最近では、グループ内の異動とは別に、全日空やトヨタグループの事例でニュースになったように、「自社グループ外」の企業へ社員を出向させて、会社が社員の雇用を守る事例も増えつつある。社員の雇用を守る動きは評価できるが、異動先の選定において、当事者である社員本人の希望がどれだけかなっているのか、そこは気になるところではある。

・参考記事:ANAグループ外出向の衝撃! 30代・40代の転職市場価値は今後どうなるか

ビジネスパーソンにとって、どのような業種や職種でビジネス経験を積むか、それがまさに本人のキャリアである。グループ内外の企業へ異動した社員が出向先で、やりがいをもって仕事と向き合えているのか、各企業が該当する出向者に対して丁寧な追跡調査を取り行うことに期待したい。
 

どこで働いていても顧客と取引先は引き継ぐことができる

どこで働いていても顧客と取引先は引き継ぐことができる

 

不本意な異動がもたらす働きがいの喪失の中心にあるのは、それまで取り組んでいた仕事が継続できなくなったことに対する失望である。

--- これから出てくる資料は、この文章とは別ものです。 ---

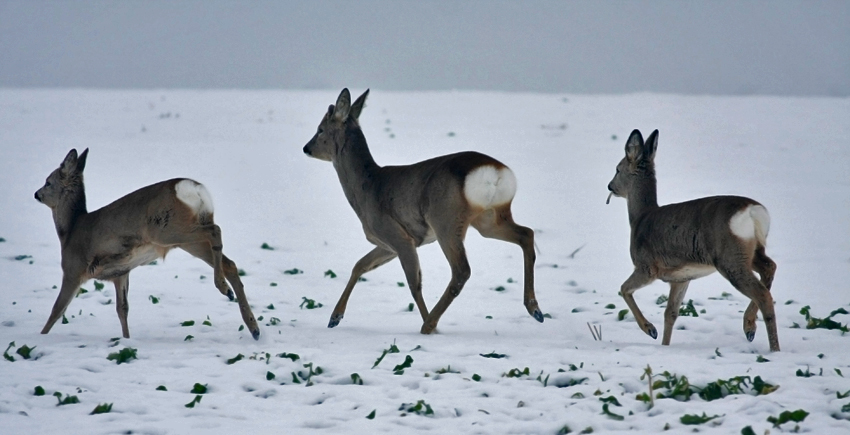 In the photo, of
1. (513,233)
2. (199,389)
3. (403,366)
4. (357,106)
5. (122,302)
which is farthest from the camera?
(357,106)

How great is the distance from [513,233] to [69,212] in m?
4.12

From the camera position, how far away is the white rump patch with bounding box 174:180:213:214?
8.43 metres

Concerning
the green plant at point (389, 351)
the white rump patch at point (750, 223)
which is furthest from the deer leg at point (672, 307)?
the green plant at point (389, 351)

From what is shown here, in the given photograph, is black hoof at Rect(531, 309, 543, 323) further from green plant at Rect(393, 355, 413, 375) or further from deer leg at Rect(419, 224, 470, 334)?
green plant at Rect(393, 355, 413, 375)

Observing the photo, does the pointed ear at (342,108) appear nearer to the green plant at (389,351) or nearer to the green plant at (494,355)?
the green plant at (389,351)

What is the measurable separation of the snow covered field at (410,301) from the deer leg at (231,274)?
178 mm

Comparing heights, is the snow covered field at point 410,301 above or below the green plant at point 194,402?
above

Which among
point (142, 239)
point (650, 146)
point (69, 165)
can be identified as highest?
point (650, 146)

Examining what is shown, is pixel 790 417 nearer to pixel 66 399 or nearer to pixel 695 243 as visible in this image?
pixel 695 243

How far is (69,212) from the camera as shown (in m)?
9.34

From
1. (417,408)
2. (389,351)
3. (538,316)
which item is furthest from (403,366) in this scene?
(538,316)

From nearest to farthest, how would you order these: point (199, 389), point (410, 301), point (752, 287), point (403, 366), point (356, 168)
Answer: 1. point (199, 389)
2. point (403, 366)
3. point (752, 287)
4. point (356, 168)
5. point (410, 301)

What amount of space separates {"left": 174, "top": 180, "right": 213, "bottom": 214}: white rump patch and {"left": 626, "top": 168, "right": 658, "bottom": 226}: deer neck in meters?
3.71

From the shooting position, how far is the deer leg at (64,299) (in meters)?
8.59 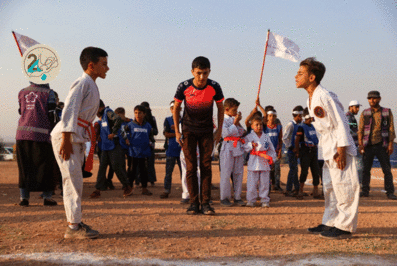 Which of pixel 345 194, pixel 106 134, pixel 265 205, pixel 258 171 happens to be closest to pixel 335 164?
pixel 345 194

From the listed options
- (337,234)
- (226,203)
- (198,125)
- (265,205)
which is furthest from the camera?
(226,203)

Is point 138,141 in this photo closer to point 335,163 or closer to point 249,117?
point 249,117

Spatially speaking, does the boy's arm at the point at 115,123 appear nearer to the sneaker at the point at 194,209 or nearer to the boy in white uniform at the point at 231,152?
the boy in white uniform at the point at 231,152

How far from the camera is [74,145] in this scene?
373 centimetres

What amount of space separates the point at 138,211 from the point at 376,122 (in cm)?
541

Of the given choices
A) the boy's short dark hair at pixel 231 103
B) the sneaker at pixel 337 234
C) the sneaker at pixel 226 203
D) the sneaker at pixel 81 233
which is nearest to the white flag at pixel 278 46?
the boy's short dark hair at pixel 231 103

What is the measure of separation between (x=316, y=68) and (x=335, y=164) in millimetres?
1097

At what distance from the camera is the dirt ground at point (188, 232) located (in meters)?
3.32

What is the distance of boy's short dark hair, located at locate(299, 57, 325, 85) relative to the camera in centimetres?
416

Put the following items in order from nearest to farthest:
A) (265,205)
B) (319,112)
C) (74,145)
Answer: (74,145) → (319,112) → (265,205)

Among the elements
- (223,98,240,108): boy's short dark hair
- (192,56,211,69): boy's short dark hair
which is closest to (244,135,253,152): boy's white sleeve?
(223,98,240,108): boy's short dark hair

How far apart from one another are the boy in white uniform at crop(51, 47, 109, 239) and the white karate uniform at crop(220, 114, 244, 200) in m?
2.94

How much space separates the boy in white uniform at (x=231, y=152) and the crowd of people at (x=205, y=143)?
0.06 ft

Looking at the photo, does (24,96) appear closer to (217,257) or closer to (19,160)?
(19,160) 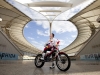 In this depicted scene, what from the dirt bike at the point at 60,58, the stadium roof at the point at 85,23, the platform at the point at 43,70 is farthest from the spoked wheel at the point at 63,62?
the stadium roof at the point at 85,23

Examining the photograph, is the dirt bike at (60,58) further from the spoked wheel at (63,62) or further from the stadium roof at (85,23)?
the stadium roof at (85,23)

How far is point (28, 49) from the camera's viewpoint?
6425 cm

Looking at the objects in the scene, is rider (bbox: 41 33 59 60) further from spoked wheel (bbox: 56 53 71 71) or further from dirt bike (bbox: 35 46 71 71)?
spoked wheel (bbox: 56 53 71 71)

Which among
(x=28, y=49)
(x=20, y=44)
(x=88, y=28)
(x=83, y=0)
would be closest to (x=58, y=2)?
(x=83, y=0)

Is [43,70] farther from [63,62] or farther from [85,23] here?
[85,23]

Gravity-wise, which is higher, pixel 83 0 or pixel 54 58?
pixel 83 0

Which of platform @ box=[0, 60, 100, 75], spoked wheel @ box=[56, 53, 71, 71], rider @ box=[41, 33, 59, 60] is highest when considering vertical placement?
rider @ box=[41, 33, 59, 60]

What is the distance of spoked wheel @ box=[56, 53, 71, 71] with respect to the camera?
6.32m

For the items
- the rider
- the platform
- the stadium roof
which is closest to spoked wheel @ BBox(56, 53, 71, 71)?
the platform

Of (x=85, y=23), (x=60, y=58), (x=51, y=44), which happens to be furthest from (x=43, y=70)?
(x=85, y=23)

特に自分が信頼関係を築いてきた顧客や取引先に迷惑をかけることになれば、社員の中には自らを責める人もいるかもしれない。

急な会社清算などで顧客や取引先に迷惑をかける可能性が出てきた場合、それを自分一人で抱え込むことがないよう気をつけることが大切である。自分だけでなく周りの社員にも、そのように思い詰める同僚がいないか、注意してみてほしい。もし顧客や取引先から厳しく叱責を受ける場面が想定されるなら、それは立場が上の社員を巻き込み、複数の社員で一緒になって対策を講じることが必要である。

顧客や取引先とは粘り強く誠意のあるコミュニケーションを心掛け、時には毅然とした態度で、何ができて何ができないか、丁寧に説明していく覚悟を持つ必要がある。どんな厳しい顧客や取引先でも、今、何が起きているか、それは理解しているはずである。

顧客や取引先も可能な限りの最善策を模索しているため、会社が清算される社員としては、相手の不安をできる限り取り除いて、そのうえで相手の期待にどうこたえていくか、そのことに集中すべきである。対応次第では、嵐が去った後にいつの日か、再度また同じ顧客や取引先と今度は異なる会社で付き合いを再開できる可能性があるかもしれない。働く会社に関わらず、顧客と取引先は引き継ぐことができるのである。